15 Jan Home Depot (HD)
A new year, a new stock report. Today we are going to stick with one of the main themes of last year. That being that the pandemic will eventually come to a close but some things will never be the same again. Especially the world of working from home.
As we have pointed out many times over, 2020 was an eye-opener for many employers. In the past companies had been hesitant to let their employees work from home for fears of a reduction in productivity. But after being forced to keep workers out of co-habitational offices during economic shutdowns caused by the virus they found the opposite actually occurred. Productivity levels increased. So not only did they get more from their workers but they can now also save on costs by not having to run large offices. The way we work has changed forever.
This means more people working from home. More hours available in the day thanks to no commuting. And hundreds of thousands of homes requiring upgrades and renovations. And this is where today’s stock report focus – The Home Depot – comes in. If you haven’t heard of Home Depot before think the US version of Bunnings, minus the sausage sizzle and the catchy jingle. They are the largest home improvement retailer in the world, supplying tools and construction products, building materials, and garden supplies and plants, amongst its 35,000 products sold instore. It’s online business, on top of this, sells more than one million products.
Home Depot has 90 distribution centres servicing more than 2200 stores in the US, 182 stores in Canada, and a further 120 stores in Mexico. It employs more than 400,000 people worldwide, whom they refer to as “orange-blooded associates”. It is currently ranked number 26 in the Fortune 500 rankings of the largest US companies by total revenue, which in the last quarter came in at $33.54 billion.
The home improvements industry has more than just the new “work-from-home” phenomenon going for it. After a decade of homeownership declining in the US during the subprime mortgage debacle and the resulting financial crisis, homeownership started increasing again in 2016 and hasn’t stopped since. Record low-interest rates have been a big contributor to this, and it is predicted that rates at these levels are here to stay for many years to come. Homeowners are much more likely to spend money on home repairs than are renters.
The business is also, partially at least, Amazon proof. Homebuilding products are often objects that the consumer wants to see and touch, something that requires a bricks and mortar retail experience. And once the buyer is in the store to purchase lumber or flooring, for example, they are then on-site to buy the nails, glue or whatever else they may need for the job. It’s a business that the likes of Amazon can’t compete with.
Despite this Home Depot are working hard on their online presence, investing billions of dollars into harnessing the power of artificial intelligence and data science to create the perfect selling environment for its website customers. If a potential buyer searches for a tap fitting they’ll also be offered a shower head, towel bar, towel ring and other coordinated items in the same style or brand. They describe the technique as “enabling a personalised experience”, and it’s one that is becoming prevalent amongst most online sites these days.
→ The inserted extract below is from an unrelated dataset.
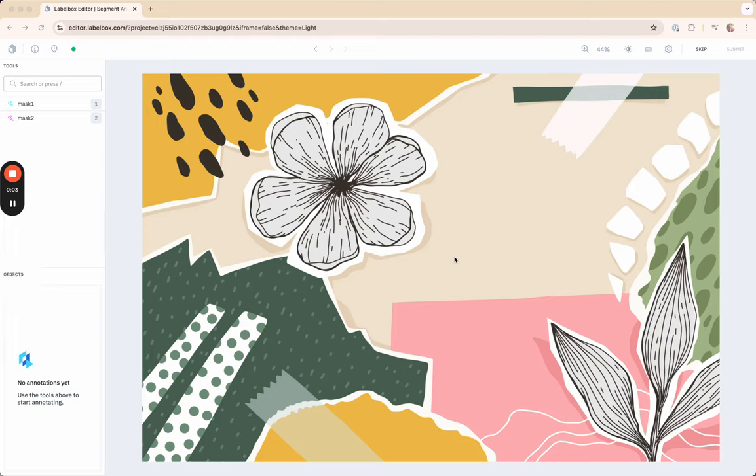This is a short demo of the Meta Segment Anything 2.0 model that has been integrated into the LabelBox image editor as part of the auto segment functionality.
Mobile app users can take a photo of a machine part, say from a fridge or washing machine, and the app will identify the item and advise in which aisle you can locate it in their store.
To coincide with this online service, Home Depot have added faster home delivery services by expanding their fulfilment centres, established curbside pickups, and built pick-up lockers for online orders. It was a strategy they first instigated as a multi-year investment back in 2017 and it has paid massive dividends as the pandemic played havoc in 2020. Online sales in the last year more than doubled, while 60% of online orders were picked up instore. Its home delivery service has seen triple-digit growth through 2020.
In its latest earnings period, Home Depot net income was up 24% year on year to $3.43 billion from $2.77 billion. Revenue rose by 23% from $27.22 billion to $33.54 billion. US same-store sales increased by 24.6% in the quarter. Digital sales were up by 80% year over year. Management was reluctant to offer guidance for the final quarter of the year, however, maintained that “it was continuing to benefit from the stay-at-home spending patterns through the beginning of November”. The dividend was kept at $1.50 per share which makes the dividend yield around 2.3%, not massive but better than the S&P500 average of 1.6%. It is next set to report earnings on the 23rd of February.
Home Depot was an above-average performer for the Dow in 2020, rising by just over 21%, while the index made just 7.3%. Despite heavy falls in the stock market-wide selloff in February and March, the share price fought back beautifully once investors realised the benefits such a business would get from the lockdowns. Luckily hardware providers were considered essential services. At $271.23 per share, the p/e sits around the 23 mark which is on the high side but one that I think it can cover as the year progresses. Home Depot should prove to be a strong portfolio performer in the years to come.